**Activity:**
Look for the string "Picture" in the listing below, then copy every line that has it.
'''
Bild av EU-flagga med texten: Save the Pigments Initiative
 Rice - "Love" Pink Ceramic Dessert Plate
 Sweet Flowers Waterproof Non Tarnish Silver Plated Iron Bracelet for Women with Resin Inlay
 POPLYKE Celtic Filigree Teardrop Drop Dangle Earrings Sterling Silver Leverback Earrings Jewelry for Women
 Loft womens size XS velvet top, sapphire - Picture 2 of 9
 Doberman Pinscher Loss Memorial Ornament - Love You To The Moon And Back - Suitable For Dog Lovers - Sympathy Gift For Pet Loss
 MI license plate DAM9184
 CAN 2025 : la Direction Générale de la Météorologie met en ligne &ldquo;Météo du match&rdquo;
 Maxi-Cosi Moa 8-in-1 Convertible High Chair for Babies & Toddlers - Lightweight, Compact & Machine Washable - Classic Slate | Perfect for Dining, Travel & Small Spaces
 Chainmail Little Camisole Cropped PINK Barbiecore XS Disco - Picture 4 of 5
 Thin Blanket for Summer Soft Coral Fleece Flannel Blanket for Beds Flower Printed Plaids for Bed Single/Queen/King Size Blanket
'''
**Solution to the problem:**
 Loft womens size XS velvet top, sapphire - Picture 2 of 9
 Chainmail Little Camisole Cropped PINK Barbiecore XS Disco - Picture 4 of 5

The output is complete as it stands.